* [TASK INSTRUCTIONS]: From the data below, return only the lines from the one with "عطر های روغنی|حراج|اهواز, شهرک دانشگاه|دیوار" through the one with "The Wolf That", exact and inclusive, with pictures left out.

* [EXERCISE DATA]:
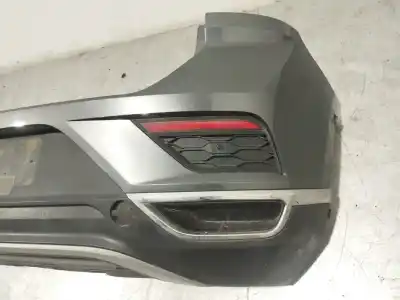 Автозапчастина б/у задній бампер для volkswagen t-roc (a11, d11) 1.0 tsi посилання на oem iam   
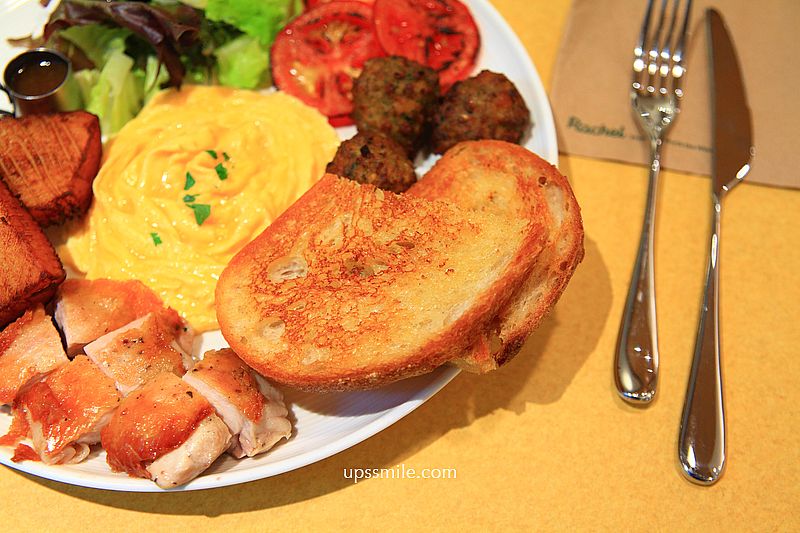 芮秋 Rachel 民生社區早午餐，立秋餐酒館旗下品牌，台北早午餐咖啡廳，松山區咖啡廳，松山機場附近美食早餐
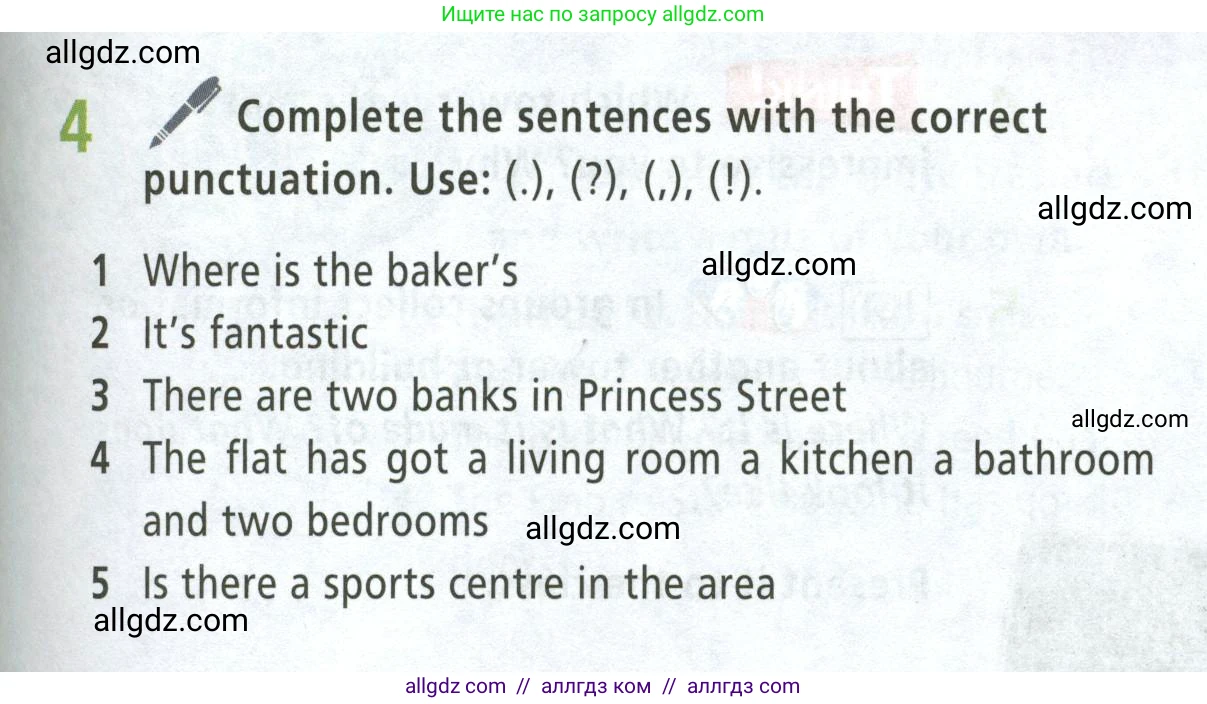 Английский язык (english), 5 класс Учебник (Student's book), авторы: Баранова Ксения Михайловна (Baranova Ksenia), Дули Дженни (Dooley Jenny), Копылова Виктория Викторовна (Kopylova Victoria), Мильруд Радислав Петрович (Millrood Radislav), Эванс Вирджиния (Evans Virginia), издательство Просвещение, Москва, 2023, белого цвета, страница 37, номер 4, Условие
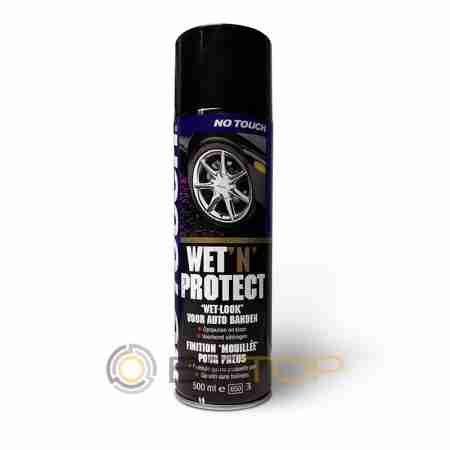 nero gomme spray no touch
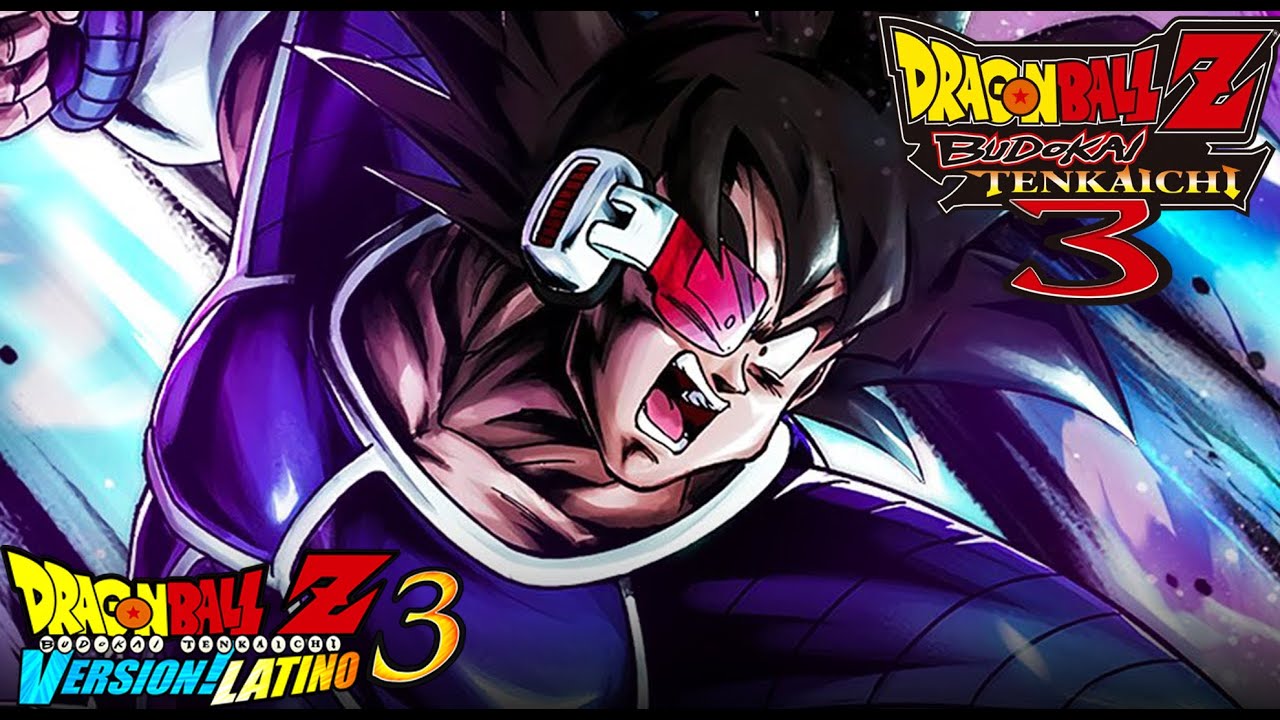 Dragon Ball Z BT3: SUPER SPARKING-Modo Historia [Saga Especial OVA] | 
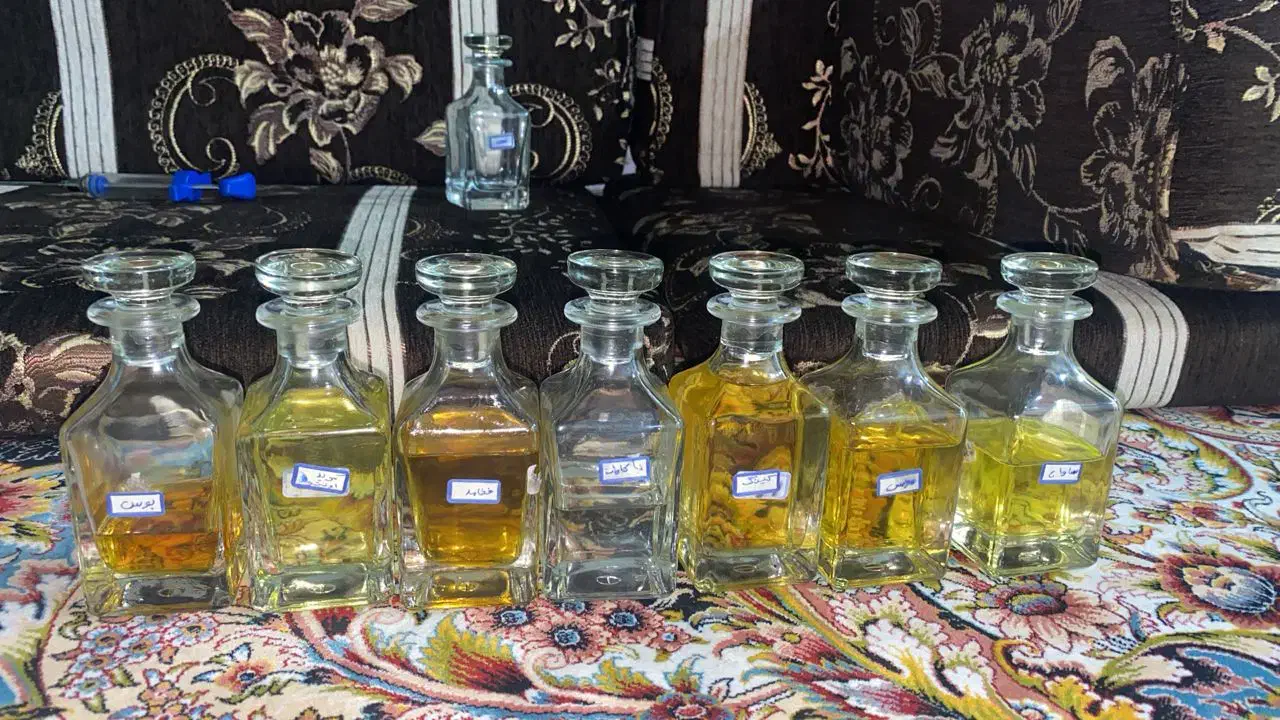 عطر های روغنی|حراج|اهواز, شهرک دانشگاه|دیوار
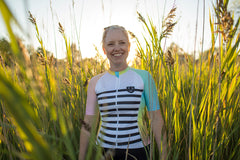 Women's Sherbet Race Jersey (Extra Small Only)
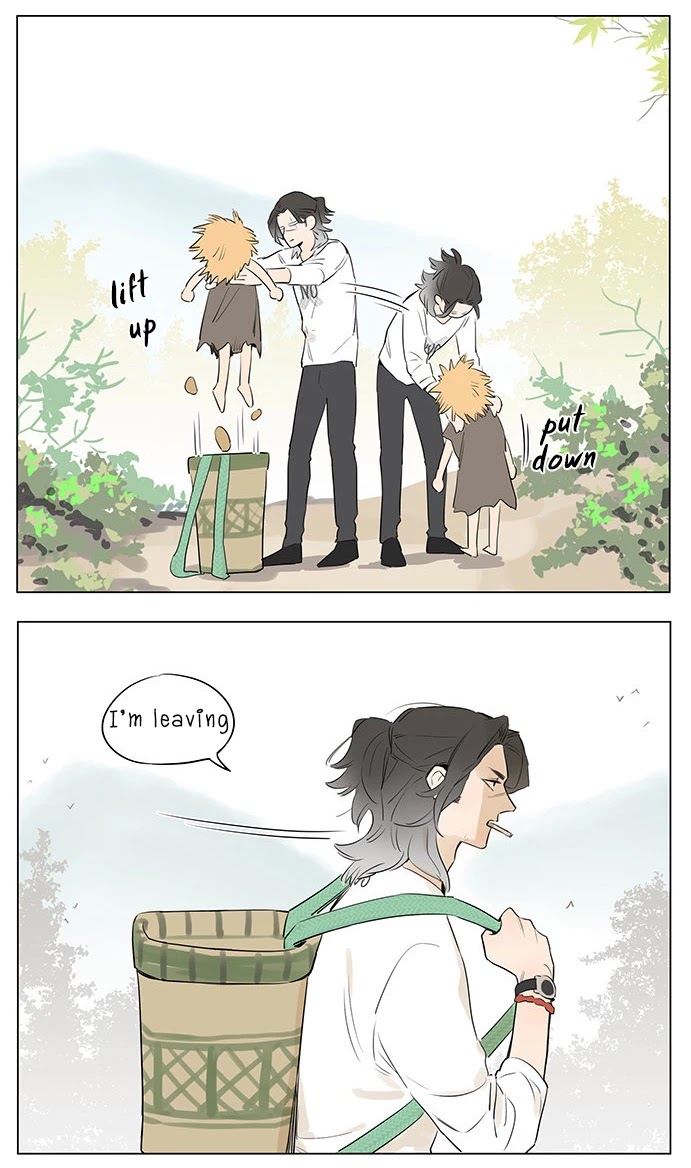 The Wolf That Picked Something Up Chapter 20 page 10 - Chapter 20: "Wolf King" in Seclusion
---
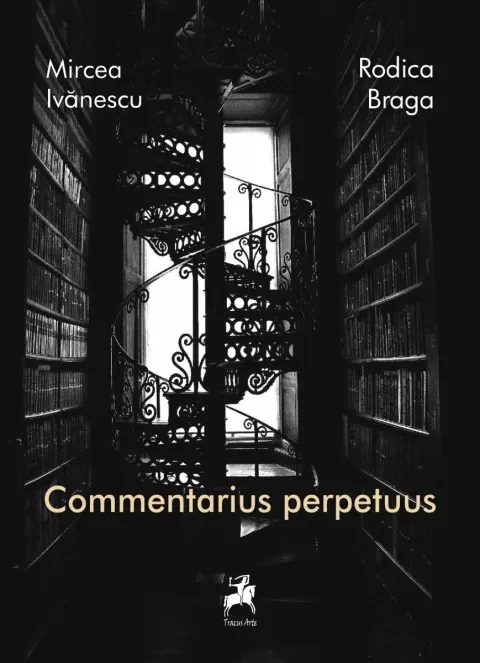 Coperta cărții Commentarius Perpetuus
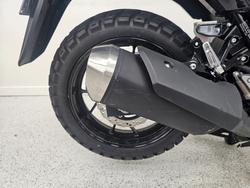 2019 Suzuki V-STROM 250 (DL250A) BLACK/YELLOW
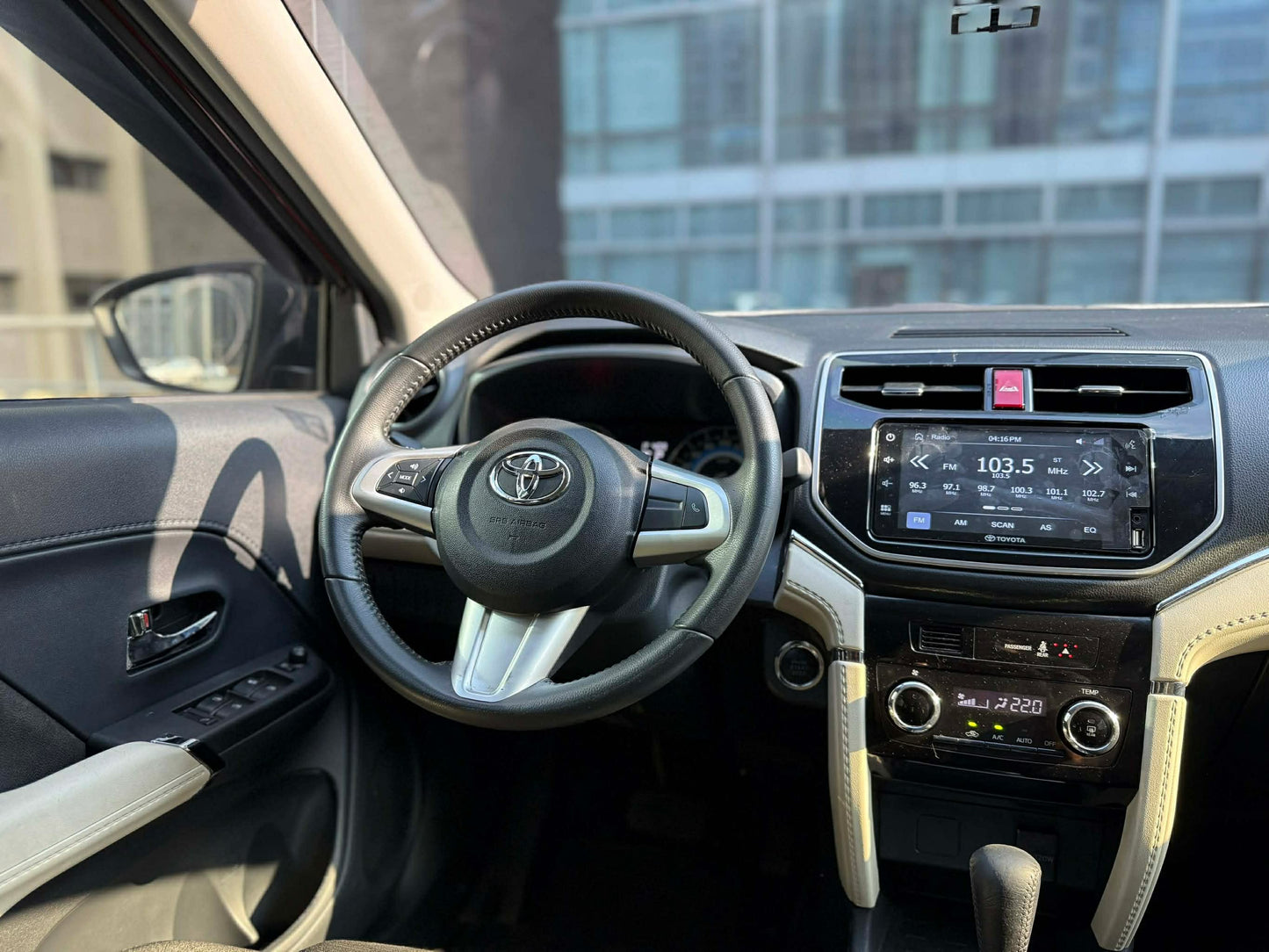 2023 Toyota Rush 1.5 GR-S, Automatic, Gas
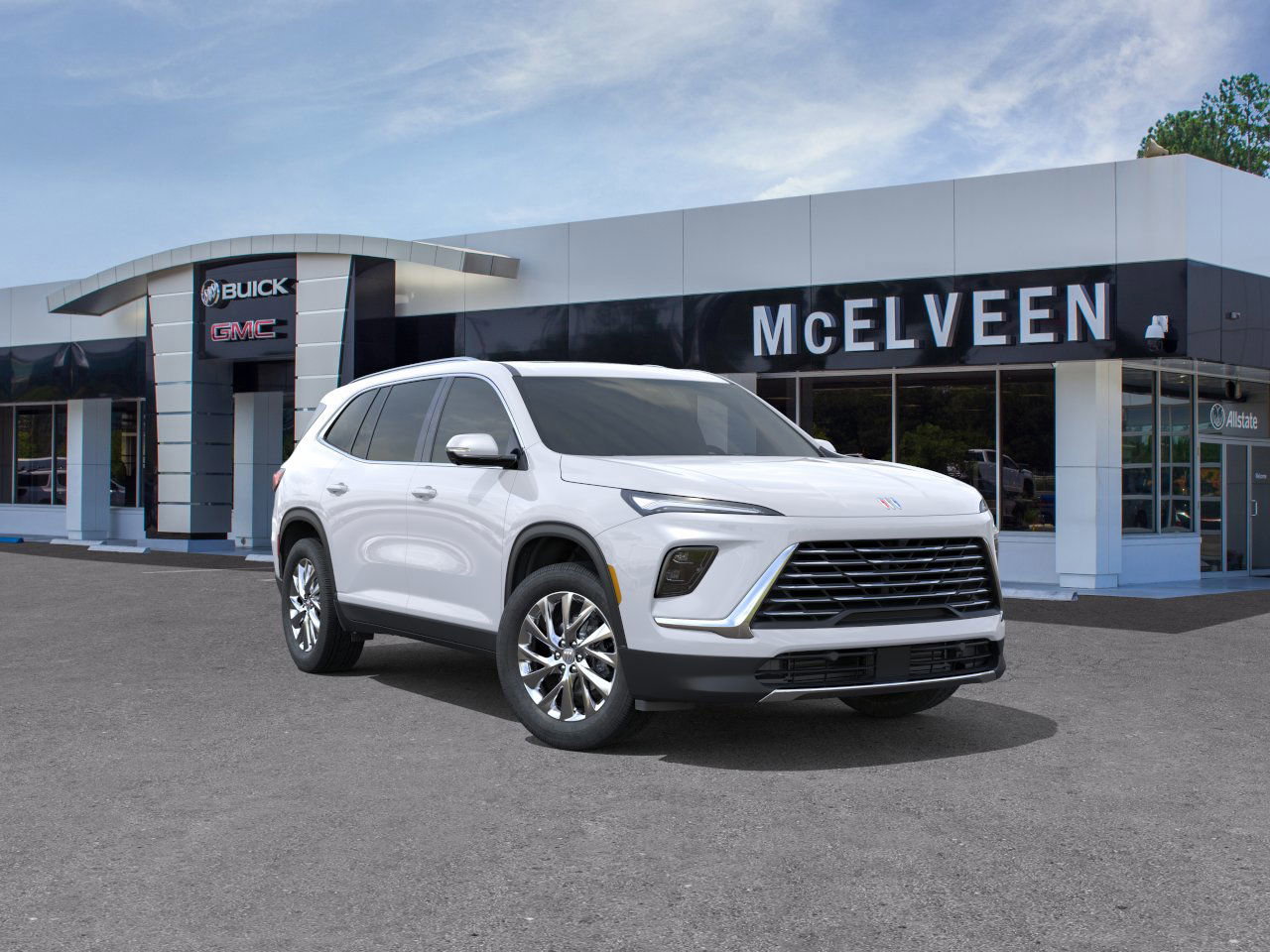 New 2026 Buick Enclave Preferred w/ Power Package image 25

* [ANSWER TO THE EXERCISE]:
 عطر های روغنی|حراج|اهواز, شهرک دانشگاه|دیوار
 Women's Sherbet Race Jersey (Extra Small Only)
 The Wolf That Picked Something Up Chapter 20 page 10 - Chapter 20: "Wolf King" in Seclusion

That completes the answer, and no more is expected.